Spring Lake residents attended a public hearing last week with the Utah County Commission to discuss ways to become a town and avoid being annexed by Santaquin. Commissioners, a county attorney and the county clerk/auditor also explained the process of becoming a town and what it would involve.

Developers who want to build in and near Spring Lake spurred Santaquin's petition to annex the town of 500, said Bryan Thompson, county clerk/auditor. The traffic increase expected from the development will feed into Spring Lake, he said. When residents found out about Santaquin's intention to annex the area, they hired an attorney and looked into incorporating.

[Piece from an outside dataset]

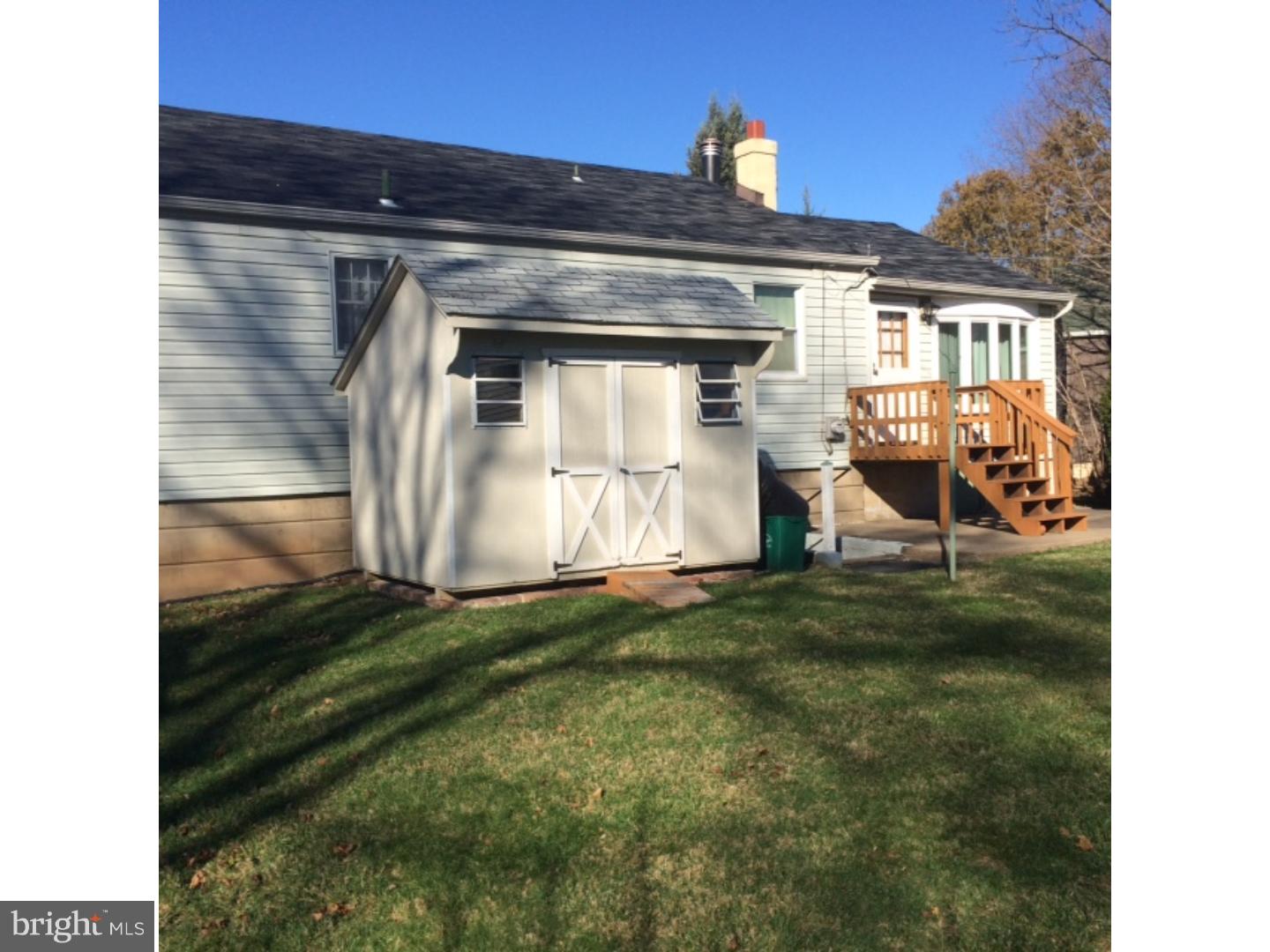 1907 Carton Road Hatboro, PA 19040 - Photo 2 of 6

"Other than a historical name, it has no legal standing as an entity," Thompson said. "It's their right under the law to incorporate as a town; it will allow them to keep Santaquin from eventually gobbling them all up."

Among the requirements, at least 50 percent of the landowners, 50 percent of the registered voters, owners of 50 percent of the assessed value or greater of the property in the area must submit a petition to the county for a feasibility study, said Commissioner Gary Anderson. The study would look at whether the amount of taxes generated in the mostly agricultural town would be able to support the services Spring Lake would need to provide to its residents, he said.

"These people want to become a town," Anderson said.

If Spring Lake residents want to annex into a city, they would need the same percentages as they do to become a town, said Robert Moore, deputy Utah County attorney.

Anderson said he and the other commissioners stressed to the residents that if Spring Lake becomes an official town, the county will no longer fix the roads or provide a police patrol, but Spring Lake would have to pay for those things itself. It could contract with the county for law enforcement.

Anderson said the area has two problems: It's too beautiful and it's in the line of fire for several developments.

Thompson said that residents are most concerned that Santaquin will swallow them.

"If they're incorporated they have a little more say as to traffic and different things in the area," he said.